◆ **Exercise material**:
☆ ☆ ☆

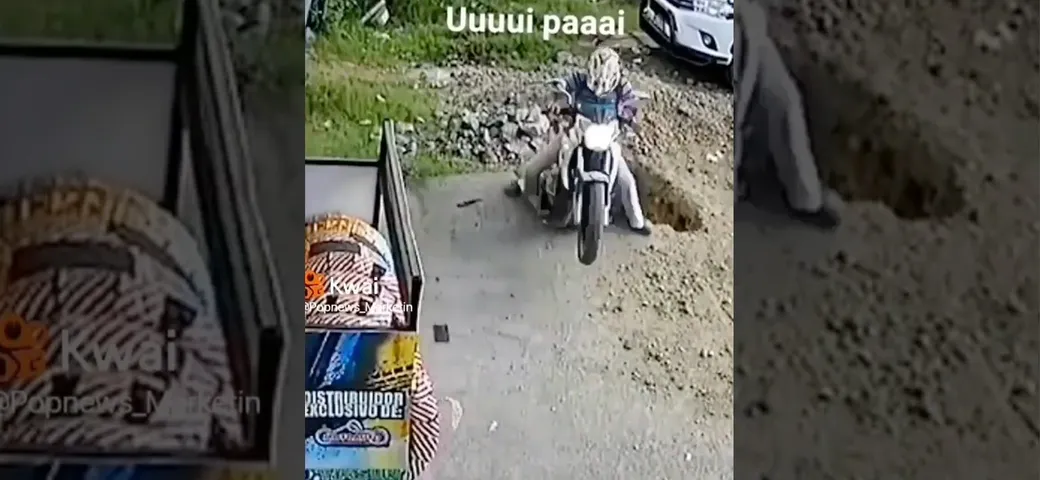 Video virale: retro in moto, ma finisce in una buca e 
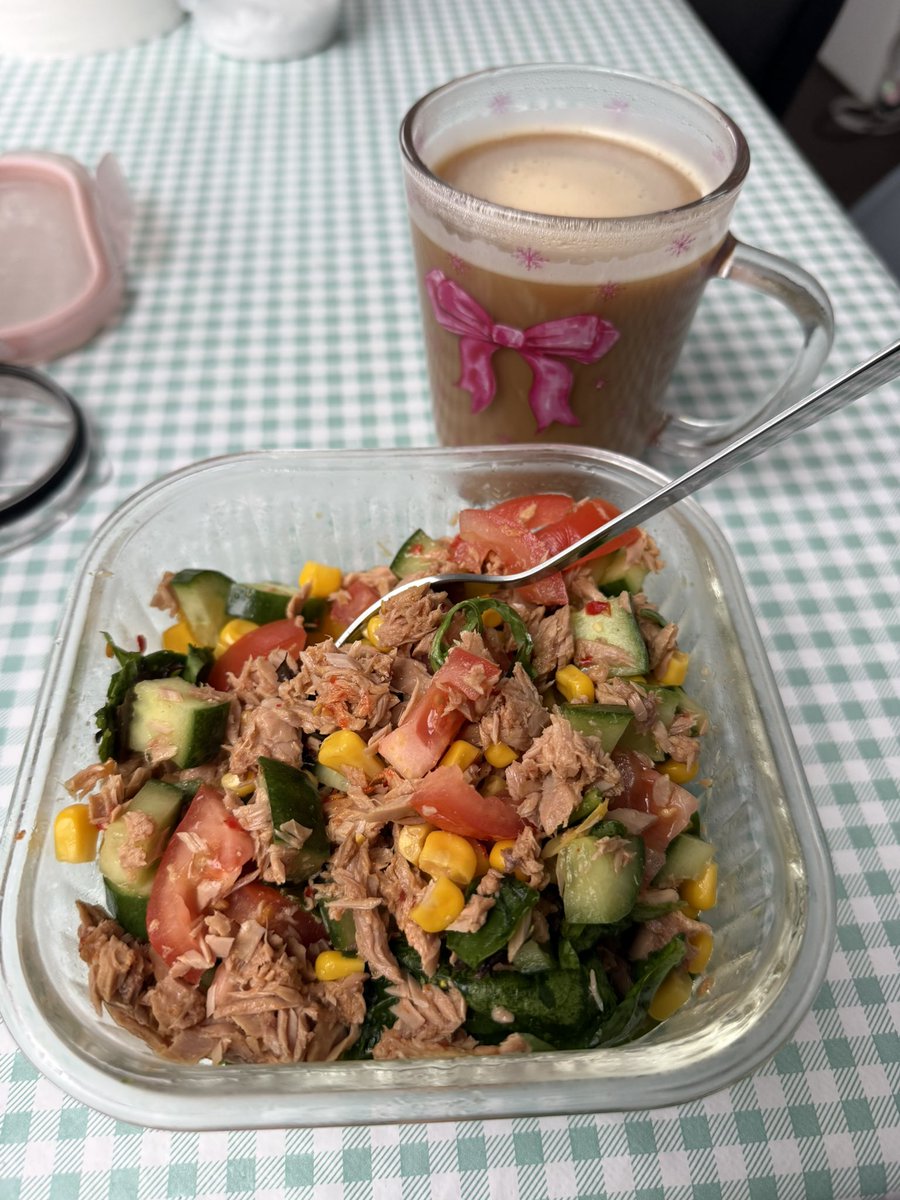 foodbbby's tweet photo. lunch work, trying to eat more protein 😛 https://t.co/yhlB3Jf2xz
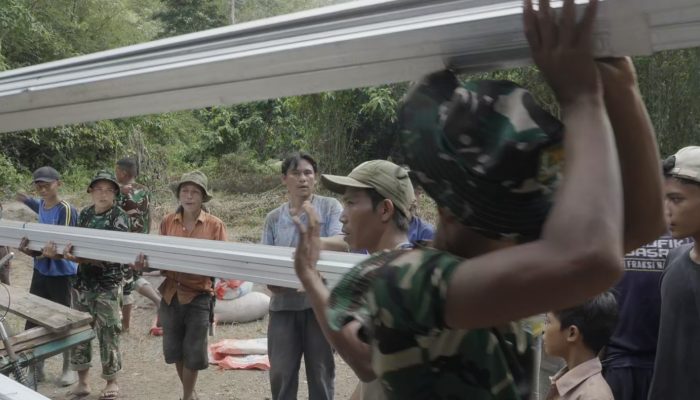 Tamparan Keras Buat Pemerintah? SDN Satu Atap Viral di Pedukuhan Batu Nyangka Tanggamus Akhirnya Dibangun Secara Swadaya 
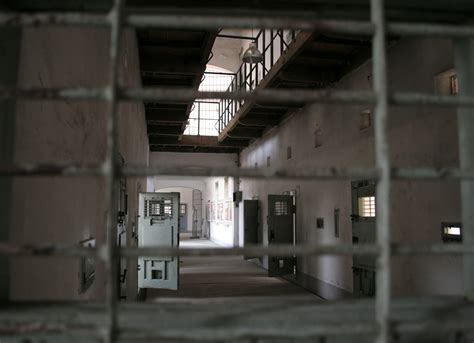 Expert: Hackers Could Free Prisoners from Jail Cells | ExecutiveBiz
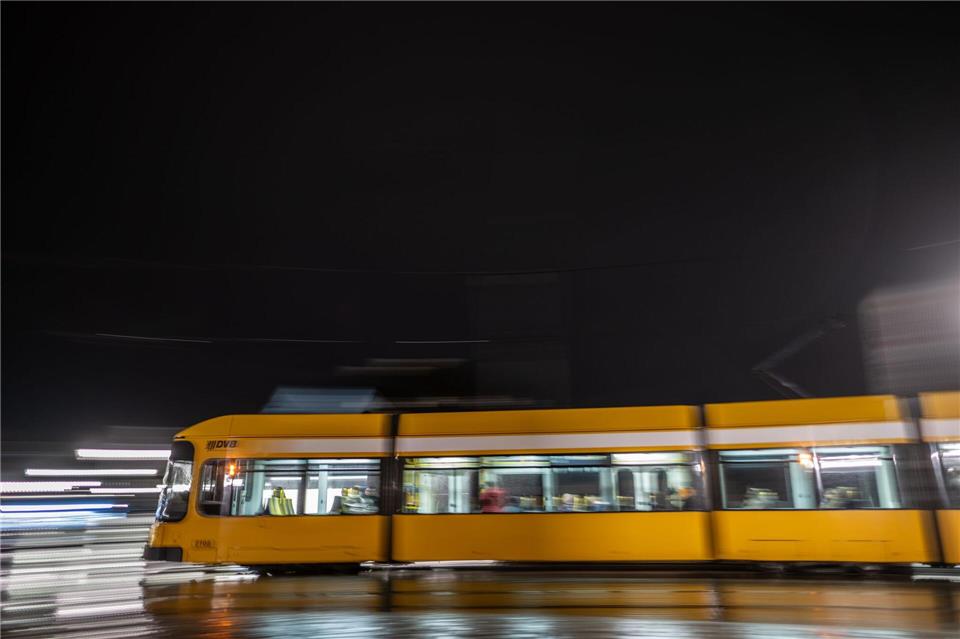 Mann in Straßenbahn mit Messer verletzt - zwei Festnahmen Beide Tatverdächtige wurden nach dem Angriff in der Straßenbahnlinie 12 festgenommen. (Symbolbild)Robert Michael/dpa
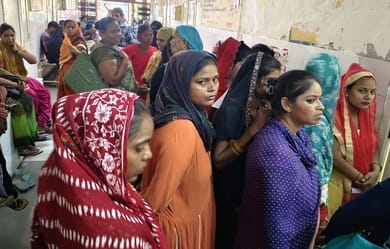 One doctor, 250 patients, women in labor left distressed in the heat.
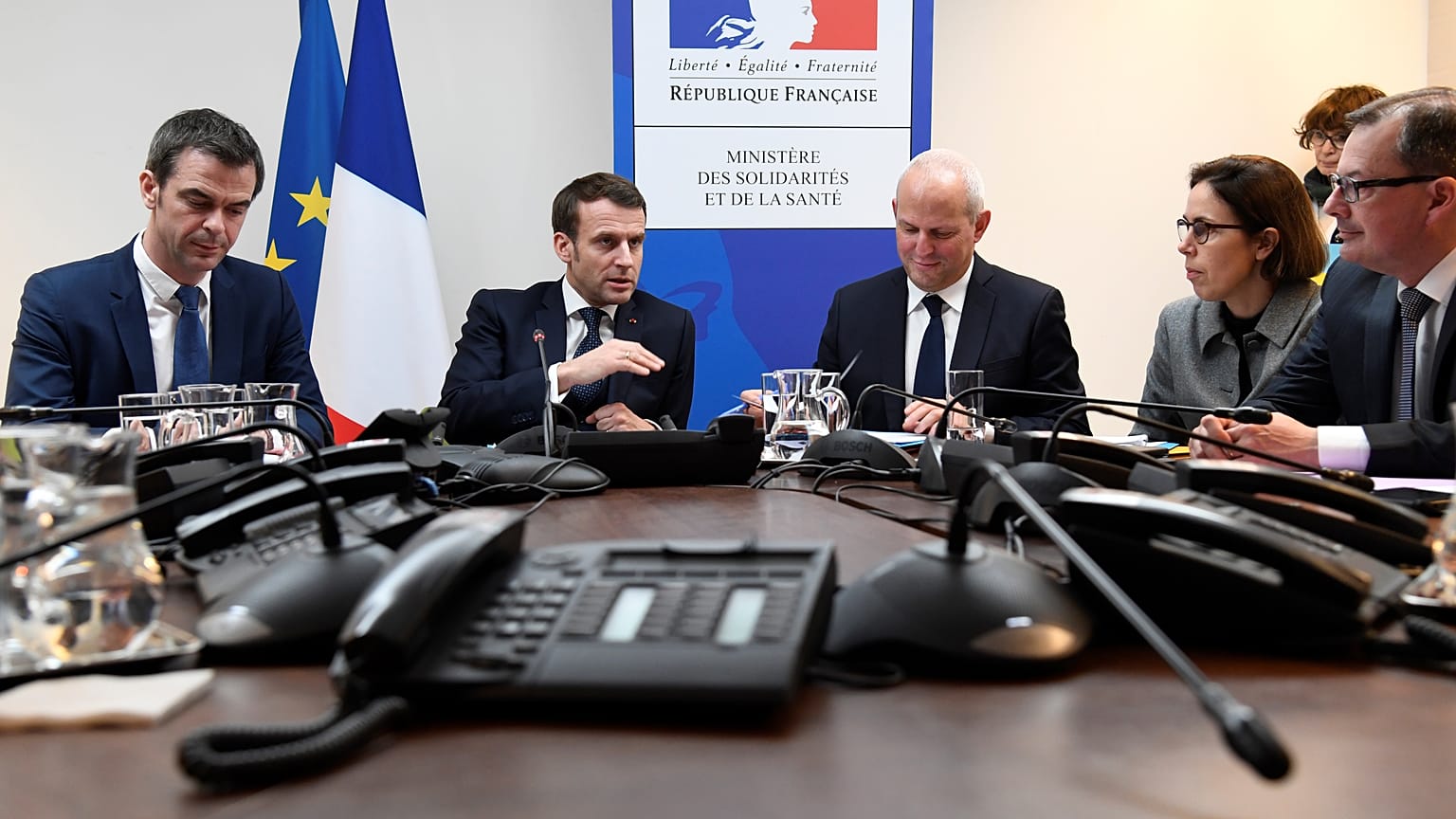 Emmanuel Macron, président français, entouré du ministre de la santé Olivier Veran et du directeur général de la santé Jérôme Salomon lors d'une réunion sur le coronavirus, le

☆ ☆ ☆

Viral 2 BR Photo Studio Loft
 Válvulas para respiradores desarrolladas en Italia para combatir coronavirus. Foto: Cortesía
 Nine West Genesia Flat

☆ ☆ ☆

◆ **What you are asked to do**: Using the data above, set down each line from the line with "foodbbby's tweet photo." to the line with "Emmanuel Macron, président" exactly, both ends included, and leave the pictures behind. Nothing else belongs.

◆ **Result of the exercise**:
 foodbbby's tweet photo. lunch work, trying to eat more protein 😛 https://t.co/yhlB3Jf2xz
 Tamparan Keras Buat Pemerintah? SDN Satu Atap Viral di Pedukuhan Batu Nyangka Tanggamus Akhirnya Dibangun Secara Swadaya 
 Expert: Hackers Could Free Prisoners from Jail Cells | ExecutiveBiz
 Mann in Straßenbahn mit Messer verletzt - zwei Festnahmen Beide Tatverdächtige wurden nach dem Angriff in der Straßenbahnlinie 12 festgenommen. (Symbolbild)Robert Michael/dpa
 One doctor, 250 patients, women in labor left distressed in the heat.
 Emmanuel Macron, président français, entouré du ministre de la santé Olivier Veran et du directeur général de la santé Jérôme Salomon lors d'une réunion sur le coronavirus, le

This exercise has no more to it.